A fun production on "Sakura no Mori" inspired Hoshino to write an album in the same style, and conceived Yellow Dancer after noticing similarities in the stylistic origins from African-American music in the song and "Why Don't You Play in Hell?". Though the writing process of the singles focused on what Hoshino found fun and his niche musical interests, he was encouraged to explore the styles more openly on an album after noticing a rise in popularity of Western artists such as Chic, Daft Punk, and Bruno Mars in Japan; daily airplay of Mark Ronson and Mars' "Uptown Funk" (2014) at his local Lawson convenience store and the response to "Sakura no Mori" from J-Wave listeners further motivated his work on the album.

One of the major obstacles in the album's production was Hoshino's discomfort replicating black music due to his Japanese nationality. In an interview with Musica magazine, Hoshino spoke of his disinterest in mimicking African-American music: "There was a hole in the middle of the obstacle [of my nationality], and I could've easily passed through.

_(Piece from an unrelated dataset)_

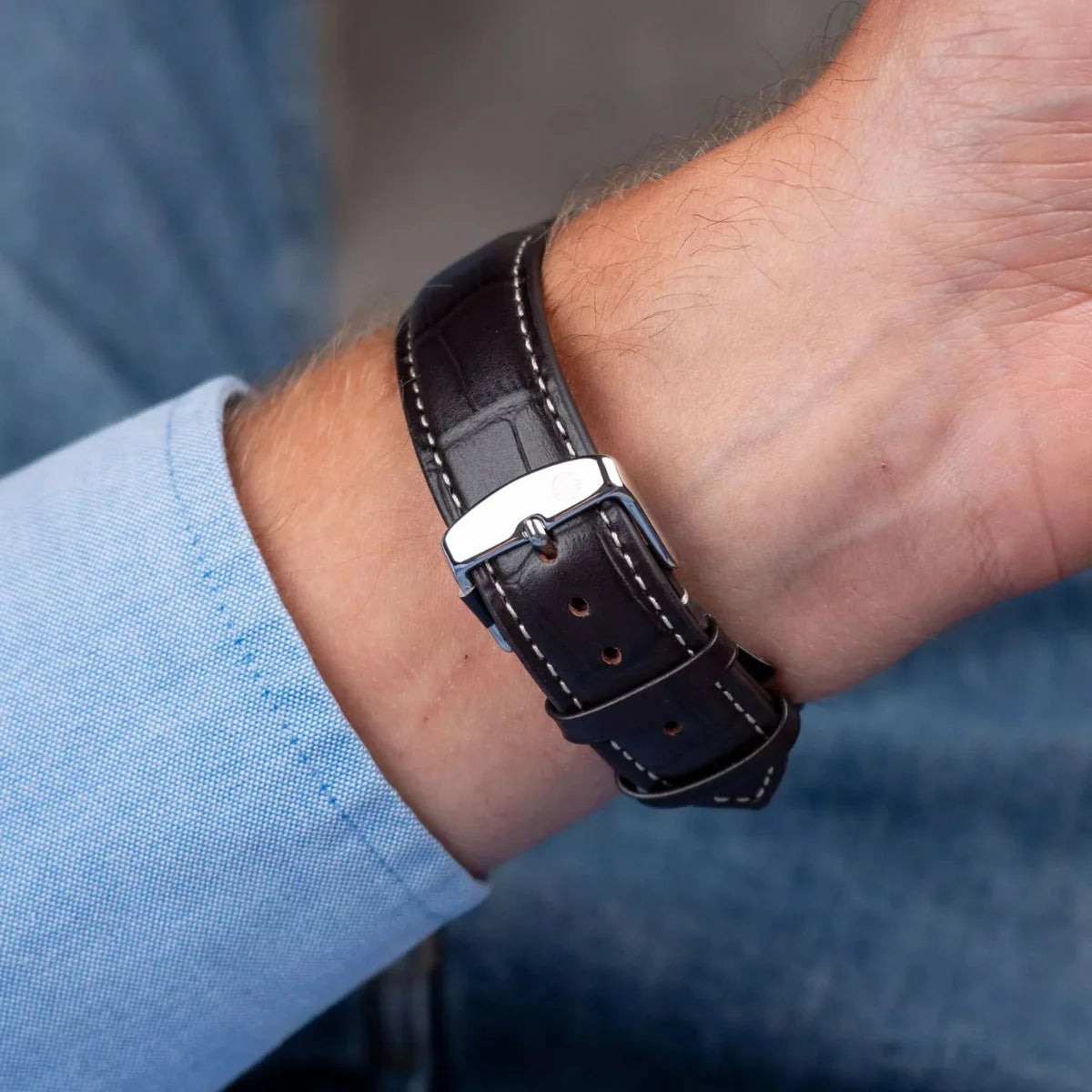 Relógio Masculino Automático Zeppelin 100 Anos Preto Cronógrafo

But the end of that path would just be a black music-like thing ... that wouldn't be interesting to make." Instead of replicating black music, he would incorporate elements of it into a J-pop style, a method previously used by 1980s artists such as Toshinobu Kubota and Dreams Come True, who were both cited by Hoshino. In a press comment included with the album's announcement, he described the result of his "respect for black music" such as soul, jazz, R&B, and jump blues, paired with "focus on the emotions of Japanese pop", as his own genre called yellow music (yellow referring to Japanese people). In the same comment, he stated Yellow Dancer was written "having fun doing what I wanted" and shared his belief that the album would make listeners dance with "not only the body, but also with the heart".

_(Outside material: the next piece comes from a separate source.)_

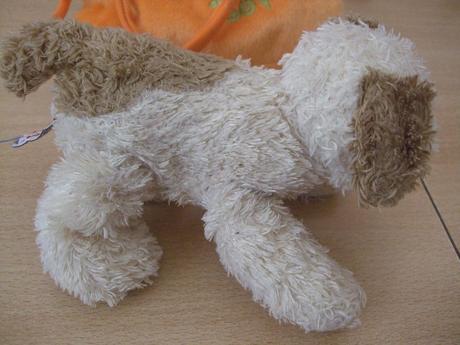 Plyšový psík v taške - cca 19 cm,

=== Writing and production ===
Material specifically for the new album was written by Hoshino throughout 2015. The first song written with the concept of yellow music was the Kokoro ga Pokitto ne drama series theme song "Sun", which was released as the album's third single on May 27, 2015. It helped Hoshino envision what kind of album Yellow Dancer would be, and was in the middle of songs created; half of the others songs on the album were written before it, and the other half after. All tracks were written and produced by Hoshino solo; he also handled principal arrangement, whereas violinist Mio Okamura (a collaborator of Hoshino's since Sakerock) and Ego-Wrappin' support saxophonist Satoru Takeshima are credited for the arrangement of strings and horns, respectively. Lyrically, in contrast to his earliest work, Hoshino said he grew to enjoy writing about the specific emotions of "someone", scenery, and situations, rather than focusing on himself or a story. When questioning what he wanted to express against the black music-inspired sound, he decided to focus on what he described as "Japanese scenery", such as the four seasons, morning and night, or ocean and mountains.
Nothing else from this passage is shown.